START SOURCE MATERIAL

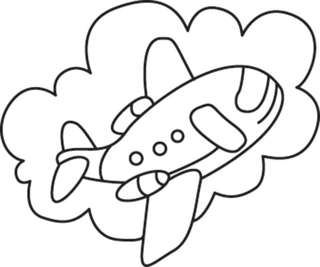 Plane 11 - Vehicle coloring pages - Coloring book - 10doigts.com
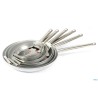 PADELLA SVASATA A BASSA  3 MM CON MANICO TUBOLARE CM 40 H 6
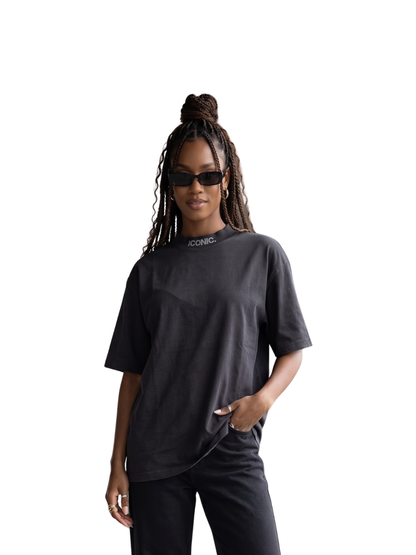 Iconic Clothing Neck Print T-Shirt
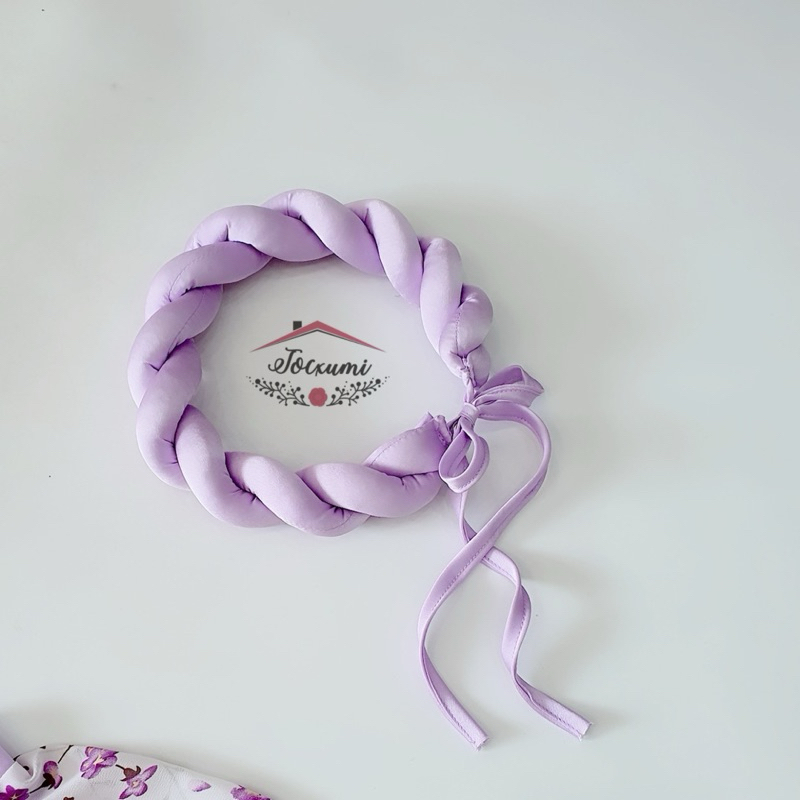 Set áo dài cách tân hoa tím xinh iu voan pháp cao cấp - Tocxumi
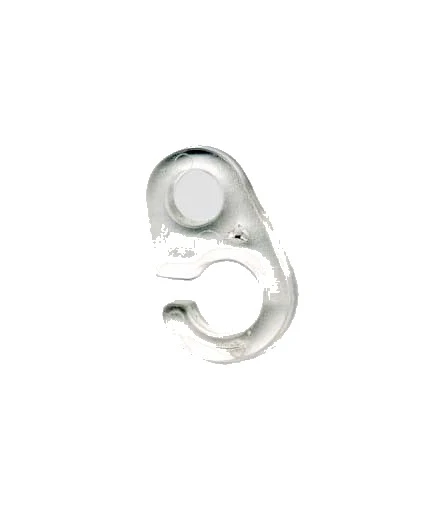 Gancetto plastica per anello tenda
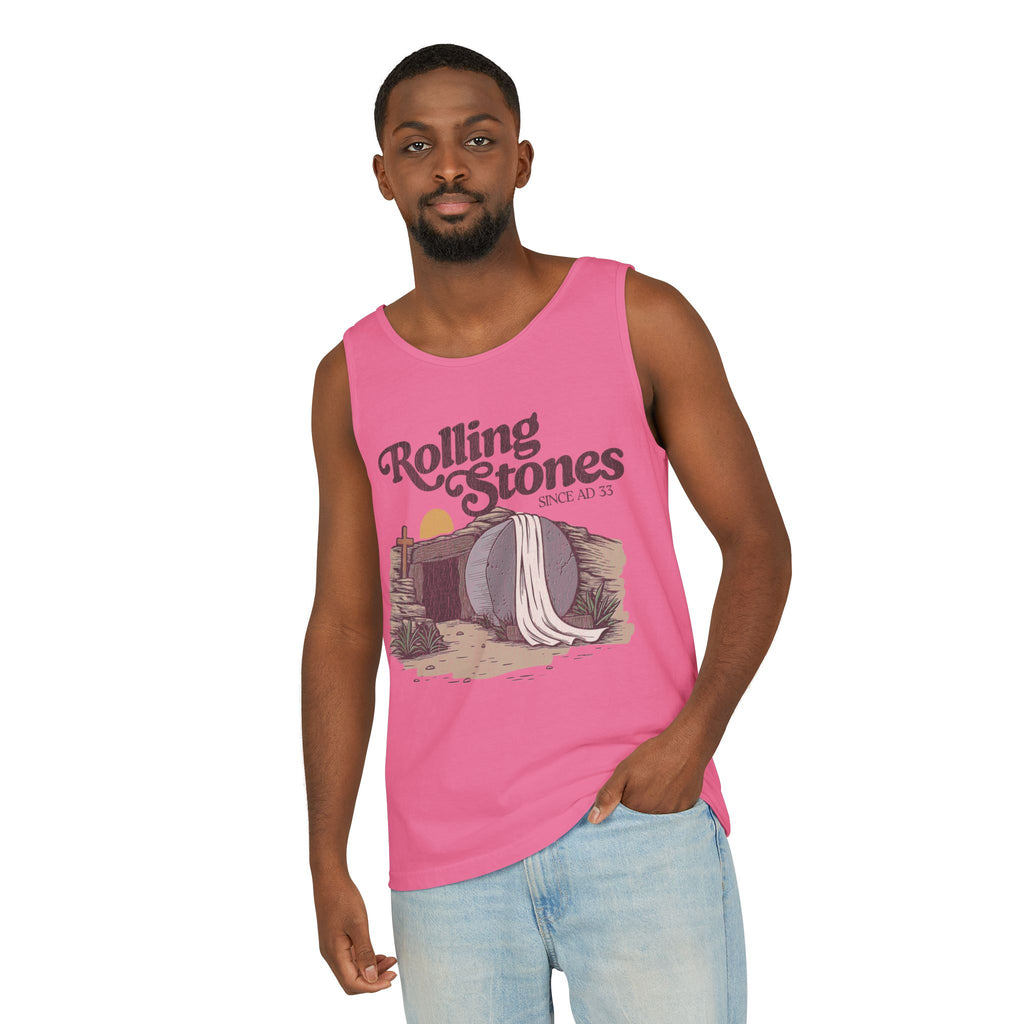 Rolling Stones Oversized Tank Top — Comfort Colors Garment-Dyed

END SOURCE MATERIAL

- [EXERCISE REQUIREMENTS]:
Could you transcribe exactly the lines from the line containing "Set áo dài cách" through the final line of the records, both included, and nothing beyond them? The pictures should be left out.

- [THE COMPLETED TASK]:
 Set áo dài cách tân hoa tím xinh iu voan pháp cao cấp - Tocxumi
 Gancetto plastica per anello tenda
 Rolling Stones Oversized Tank Top — Comfort Colors Garment-Dyed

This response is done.